Unlocking AI Scale With SSD Offload Techniques

Use 57% less memory and increase query speed by 50%? That can’t be right, can it?

AI generated image depiciting AI data offloading from GPU memory to SSD.
AI generated image depiciting AI data offloading from GPU memory to SSD.

 

AI inference with retrieval-augmented generation (RAG) is having a Woodstock moment.

Organizers expected about 50,000 attendees at the legendary 1969 music festival. But the lineup was so killer—Jimi Hendrix, Janis Joplin, The Who, and dozens of others—and the counterculture vibe so perfectly timed, that the event drew nearly a half-million people to a dairy farm in Bethel, NY. Consequently, the experience of many was driven more by food shortages, sanitation problems, and mud than by the music.

Woodstock music festival comparison to inference with RAG in AI SSD offloading.


In a similar way, inference with RAG is such a powerful and appealing approach to solving business problems that enterprises are rushing to adopt it in droves.
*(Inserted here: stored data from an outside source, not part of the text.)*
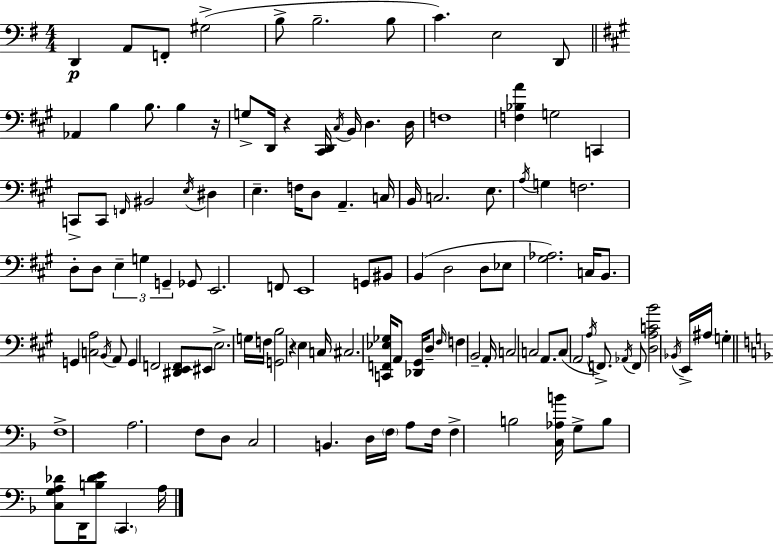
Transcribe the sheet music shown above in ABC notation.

X:1
T:Untitled
M:4/4
L:1/4
K:G
D,, A,,/2 F,,/2 ^G,2 B,/2 B,2 B,/2 C E,2 D,,/2 _A,, B, B,/2 B, z/4 G,/2 D,,/4 z [^C,,D,,]/4 ^C,/4 B,,/4 D, D,/4 F,4 [F,_B,A] G,2 C,, C,,/2 C,,/2 F,,/4 ^B,,2 E,/4 ^D, E, F,/4 D,/2 A,, C,/4 B,,/4 C,2 E,/2 A,/4 G, F,2 D,/2 D,/2 E, G, G,, _G,,/2 E,,2 F,,/2 E,,4 G,,/2 ^B,,/2 B,, D,2 D,/2 _E,/2 [^G,_A,]2 C,/4 B,,/2 G,, [C,A,]2 B,,/4 A,,/2 G,, F,,2 [^D,,E,,F,,]/2 ^E,,/2 E,2 G,/4 F,/4 [G,,B,]2 z E, C,/4 ^C,2 [C,,F,,_E,_G,]/4 A,,/2 [_D,,^G,,]/4 D,/2 ^F,/4 F, B,,2 A,,/4 C,2 C,2 A,,/2 C,/2 A,,2 A,/4 F,,/2 _A,,/4 F,,/2 [D,A,CB]2 _B,,/4 E,,/4 ^A,/4 G, F,4 A,2 F,/2 D,/2 C,2 B,, D,/4 F,/4 A,/2 F,/4 F, B,2 [C,_A,B]/4 G,/2 B,/2 [C,G,A,_D]/2 D,,/4 [B,_DE]/2 C,, A,/4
The problem, of course, is that without sufficient infrastructure in place, the technology’s potential is dampered by poor experience or lack of access altogether.

A new approach is needed, one that enables unprecedented levels of scalability and cost efficiency. We’re excited to share the results of groundbreaking work by Solidigm and Metrum AI. The strategy we outline here offloads significant amounts of data, including AI model weights and RAG data, from costly memory to high-performance SSDs, unlocking the value of AI like never before.

“We have developed a cutting-edge RAG solution for video analysis, leveraging state-of-the-art vision-language models and large language models to generate rich, contextual summaries,” says Steen Graham, CEO of Metrum AI. “By deploying on Solidigm D7-PS1010 SSDs and integrating DiskANN for high-speed, memory-efficient vector search, we optimized memory usage without compromising performance.”

Read on for details about our approach and key findings. You can also download the full white paper, High-Performance TCO-Optimized RAG With SSD Offloading, and for the “prove it” crowd, we’ve made the entire thing available in a GitHub repo here for you to try it yourself!

What is RAG, and why is it catching fire?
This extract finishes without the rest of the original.